🤖 AI Summary
Adaptive balancing of exploration and exploitation remains challenging in learning long-horizon, complex action sequences due to difficulty in determining optimal timing for exploration–exploitation trade-offs. Method: This paper proposes a cognitive-uncertainty-driven adaptive exploration framework that online quantifies dual uncertainty—over both the environment model and the policy—to dynamically modulate exploration intensity and switching timing. It unifies diverse uncertainty sources (e.g., model prediction variance, policy confidence) within a modular architecture supporting plug-and-play integration of heterogeneous uncertainty estimators, and incorporates intrinsic motivation to enable uncertainty-guided policy optimization.
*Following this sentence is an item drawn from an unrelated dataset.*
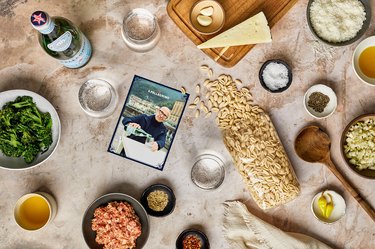 A flat lap of all of the ingredients for Gnocchetti con Salsiccia e Broccolini. The surface is a textured, light brown surface with a bowl of broccolini, a small dish of olive oil, a bottle of San Pellegrino, two glasses of the mineral water, a cutting board with cheese, a bag of dry pasta, small dishes with spices and cheese, a wooden spoon, garlic cloves, and a small picture of Stanley Tucci pouring a glass of San Pellegrino.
Results: Evaluated on multiple MuJoCo continuous-control benchmarks, the framework significantly outperforms baseline methods—including entropy regularization and Random Network Distillation—demonstrating superior effectiveness, robustness, and cross-task generalization capability.
📝 Abstract
Adaptive exploration methods propose ways to learn complex policies via alternating between exploration and exploitation. An important question for such methods is to determine the appropriate moment to switch between exploration and exploitation and vice versa. This is critical in domains that require the learning of long and complex sequences of actions. In this work, we present a generic adaptive exploration framework that employs uncertainty to address this important issue in a principled manner. Our framework includes previous adaptive exploration approaches as special cases. Moreover, we can incorporate in our framework any uncertainty-measuring mechanism of choice, for instance mechanisms used in intrinsic motivation or epistemic uncertainty-based exploration methods. We experimentally demonstrate that our framework gives rise to adaptive exploration strategies that outperform standard ones across several MuJoCo environments.